Denmark's AP Moller-Maersk, the world's largest container line, said yesterday the shipping industry was unlikely to recover before the end of next year and it had no plans to try and buy smaller rivals.
"Right now, we are not looking at acquisitions," Maersk Chief Executive Nils S Andersen told reporters at a media cocktail reception in Singapore.
Andersen said the Danish firm expects to report a good set of full-year earnings for 2008, but did not give details.
The outlook for the industry was "very tough", but freight rates were probably near the bottom after coming down sharply in recent months, he added.
Shipping lines have cut staff and mothballed ships to cope with over capacity and falling trade volumes as more economies fall into recession, depressing demand for goods.

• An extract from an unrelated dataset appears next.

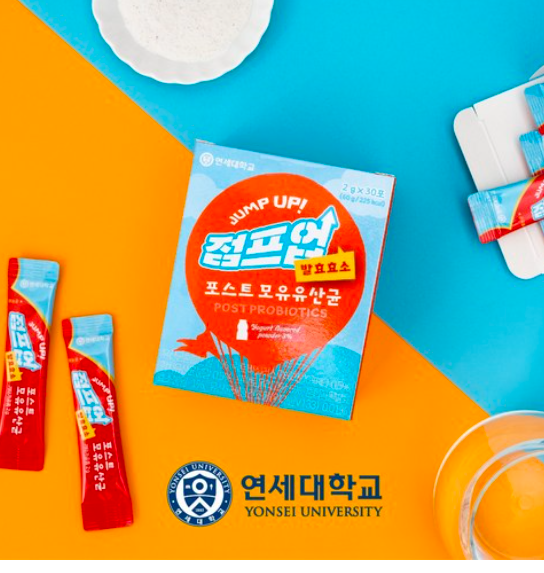 연세생활건강 4세대 점프업 포스트바이오틱스 유산균 프로바이오틱스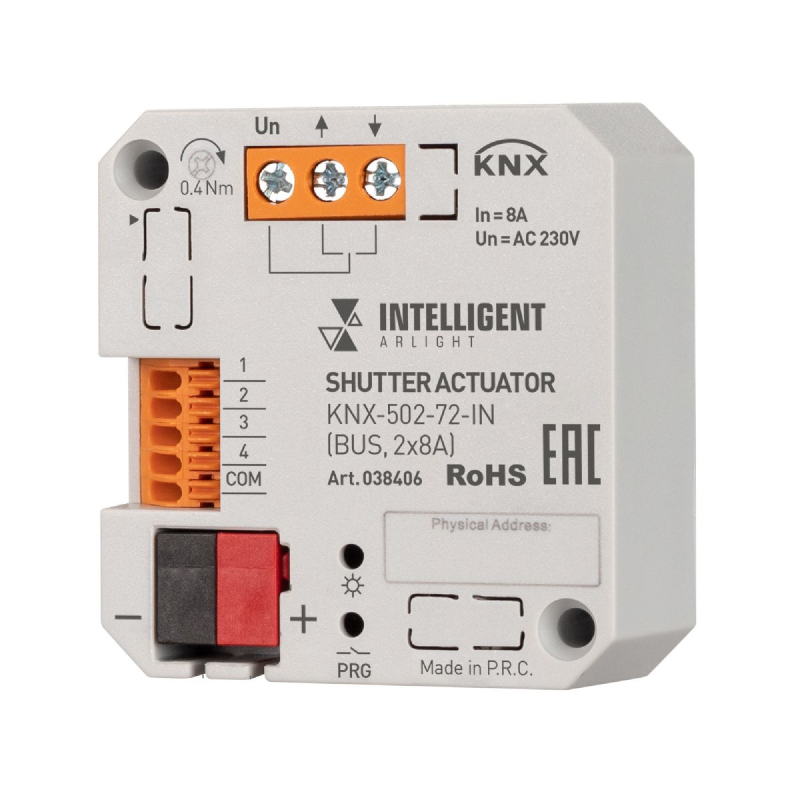 Модуль управления шторами KNX-502-72-IN BUS, 2x8A 038406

International Freighting Weekly, an industry publication, estimates freight rates for cargo between Europe and Asia have plunged to around $250 per twenty-foot-equivalent unit (TEU) from $1,500 per TEU in May last year.
"This year will be very tough. If an improvement comes before the end of 2010, we will be positively surprised," Andersen said.
Maersk last month said it would remove eight container vessels from service, while rivals Mediterranean Shipping and CMA CGM, the world's number two and three container shippers, have cut several routes linking Europe and Asia.
Singapore's Neptune Orient Lines, the industry's seventh-largest player, said in November it would reduce 1,000 jobs, or nine per cent of its workforce, as the shipping sector was facing a prolonged downturn.
Andersen said major shipping lines will likely continue laying up ships in 2009 to reduce capacity.
Maersk, which also pumps oil from the North Sea, Qatar, Algeria and Kazakhstan, posted a 39 per cent rise in net profit to 17.7 billion Danish crowns, or Dh13.2bn, for the first nine months of 2008 but warned of an uncertain outlook.
Shares of Maersk fell 2.7 per cent in early European trade yesterday. The stock lost around 18 per cent in the three months through Monday and some 36 per cent over the last year as recession fears and the fast spreading financial crisis sparked a global equity market rout.